Binding arbitration involves the presentation of a dispute to an impartial or neutral individual (arbitrator) or panel (arbitration panel) for issuance of a binding decision. Unless arranged otherwise, the parties usually have the ability to decide who the individuals are that serve as arbitrators. In some cases, the parties may retain a particular arbitrator (often from a list of arbitrators) to decide a number of cases or to serve the parties for a specified length of time (this is common when a panel is involved). Parties often select a different arbitrator for each new dispute. A common understanding by the parties in all cases, however, is that they will be bound by the opinion of the decision maker rather than simply be obligated to “consider” an opinion or recommendation. Under this method, the third party’s decision generally has the force of law but does not set a legal precedent. It is usually not reviewable by the courts.

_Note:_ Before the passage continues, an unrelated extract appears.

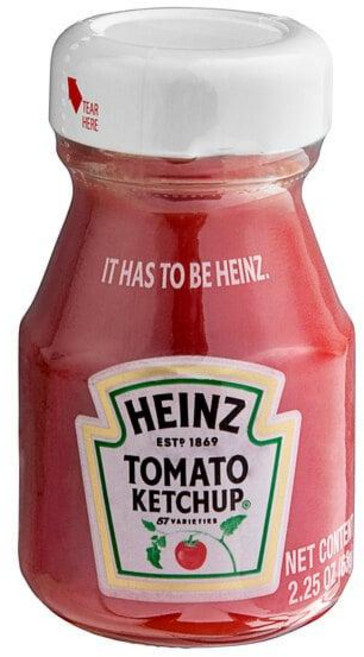 하인즈 케첩 글래스 미니 보틀, 60개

In a typical negligence suit, the parties would have to agree to make arbitration “binding.”


However, if postured correctly a business or professional providing services can make arbitration “binding” for all potential creditors which may arise from the services provided.  This can be done by having a new client sign a “binding” arbitration agreement prior to providing services to the client.  This is a superb way for professionals specifically to help mitigate future negligence suites.  When a claim has to go through binding arbitration, the likelihood of a “run-a-way” jury-type verdict is much less likely.  Additionally, the arbitration process can be much less expensive than a full-blown jury trial.


Mediation is the intervention into a dispute or negotiation of an acceptable, impartial, and neutral third party who has no decision-making authority. The objective of this intervention is to assist the parties in voluntarily reaching an acceptable resolution of issues in dispute. Mediation is useful in highly-polarized disputes where the parties have either been unable to initiate a productive dialogue, or where the parties have been talking and have reached a seemingly insurmountable impasse.

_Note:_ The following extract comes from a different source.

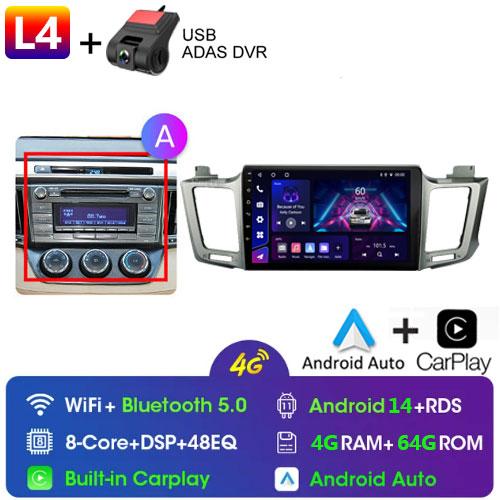 Для Toyota RAV4 Rav 4 XA40 2012 - 2018 Android Car Radio Multimidia Video Player Navigation GPS Carplay Touch Screen Auto Stereo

A mediator, like a facilitator, makes primarily procedural suggestions regarding how parties can reach agreement. Occasionally, a mediator may suggest some substantive options as a means of encouraging the parties to expand the range of possible resolutions under consideration. A mediator often works with the parties individually, in caucuses, to explore acceptable resolution options or to develop proposals that might move the parties closer to resolution.


Mediators differ in their degree of directiveness or control while assisting disputing parties. Some mediators set the stage for bargaining, make minimal procedural suggestions, and intervene in the negotiations only to avoid or overcome a deadlock. Other mediators are much more involved in forging the details of a resolution. Regardless of how directive the mediator is, the mediator performs the role of catalyst that enables the parties to initiate progress toward their own resolution of issues in dispute.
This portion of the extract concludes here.